Jury views footage from Andrés Vásquez's body camera on third day of trial of man accused of killing him
Published in News & Features
CHICAGO — Prosecutors opened the third day of trial for the man accused of killing Chicago Police officer Andrés Vásquez Lasso with the slain cop’s own body-worn camera footage that captured the moments just before his death.
Yelling and running steps could be heard from a television placed before the jury at the Leighton Criminal Courthouse Thursday morning before gunfire sounded. Raised hands holding a gun were visible on the video, which then abruptly tips to show the sky and bare trees.
After a few moments, the head of another officer appeared at the right-hand side of the screen, peering down. The officer could be heard yelling: “Come on, man! Hey, hey!”
Prosecutors showed the video twice Thursday, side by side with another officer’s body-worn camera footage.
After the initial sequence, the video begins to shake. The sound of heavy breathing and shouts of a “10-1,” shorthand for a call of an officer in distress, filled the courtroom.
The body camera was still recording when then-Lieutenant Patrick Kinney arrived at the scene.

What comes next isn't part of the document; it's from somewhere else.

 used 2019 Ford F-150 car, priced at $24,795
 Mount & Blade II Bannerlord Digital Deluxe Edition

Speaking in a loud, confident voice to the jury, Kinney, now a commander with the department’s Investigative Response Team, described recovering the body camera from 32-year-old Vásquez Lasso’s vest outside Sawyer Elementary School on the Southwest Side.
Kinney then walked through what he’d seen when he took the camera back to a mobile command van: a man in a black sweatshirt who appeared to be racking the slide on a gun.

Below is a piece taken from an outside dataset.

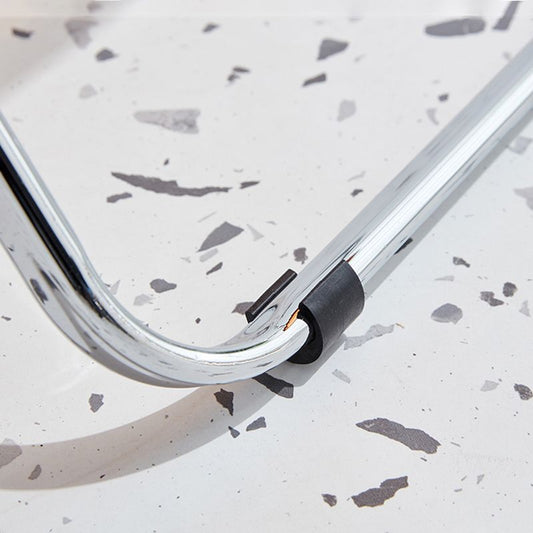 Industrial Plastic Dining Armless Chair Open Back Dining Side Chair Clearhalo ' kitchen&dining_furn' 'Dining Chairs' 'Dining Tables & Seating' 'dining_chair' 'furn' 'furn_dining_chair' 'Furniture' 'furniture_dining_chair' 'Kitchen & Dining Furniture' 'kitchen' 1200x1200_68781fc7-f4ff-474d-97e4-fe3f61b5a07e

Steven Montano, the man accused of killing Vásquez Lasso in an exchange of gunfire, faces charges of first-degree murder and other felonies in connection with the officer’s death.

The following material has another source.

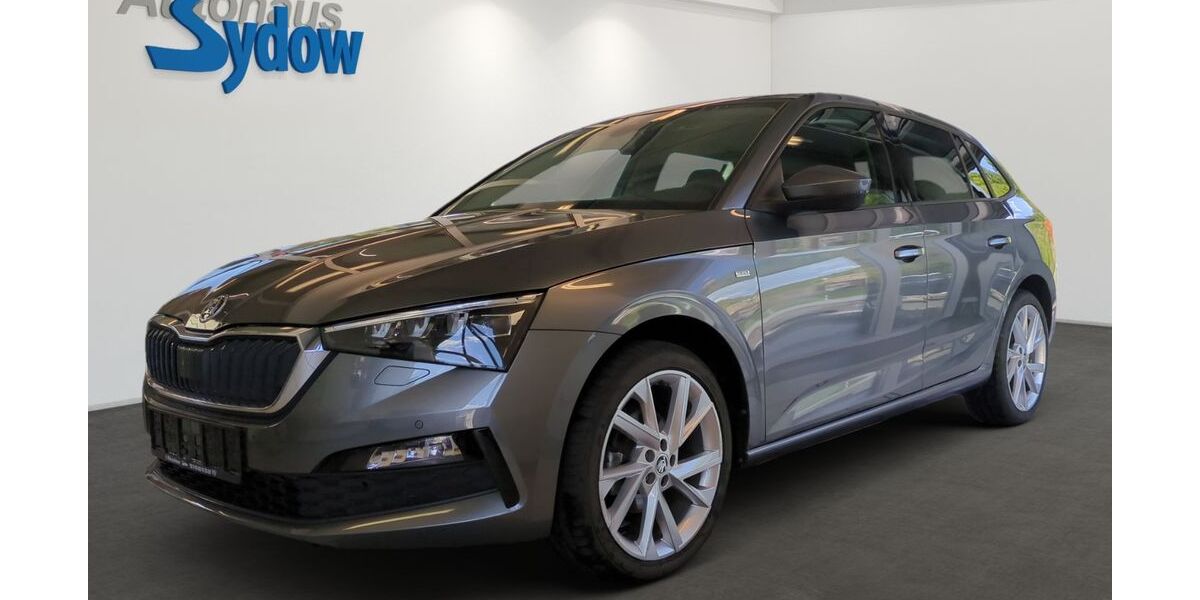 Skoda Scala 17.955 km 24.490 € Lauterecken 67742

Vásquez Lasso and other officers were dispatched to the 5200 block of South Spaulding Avenue after Montano’s girlfriend allegedly called 911 to report that he threatened her with a gun, prosecutors said. Prosecutors said shortly after Montano, now 21, was arrested that he had jumped out the window to escape arriving officers, who chased him to an area near a playground where Montano was wounded and Vásquez Lasso was killed.
Most of Thursday’s trial proceedings consisted of testimony from a number of officials from CPD and state law enforcement agencies who handle body-worn camera footage and other evidence collected from the scene of Vásquez Lasso’s death. Jurors had previously seen footage from other officers who responded to the scene alongside Vásquez Lasso, but had not watched the shooting from his own camera.
On Wednesday, Miguel Enciso, Vásquez Lasso’s partner, testified that the suspect yelled at him “kill me” in the first chaotic moments after the shooting. Montano was shot in the chin, while Vásquez Lasso was hit three times in the head, arm and leg.
Montano’s attorneys have said they expect he will testify in his own defense, which is expected to come on the final day of testimony Friday. They have argued that he had a “most unfortunate reaction” to a stressful situation and told the jury to keep an open mind about the case, the first involving a slain police officer to come before a jury since one of Officer Ella French’s killers was convicted at trial last year.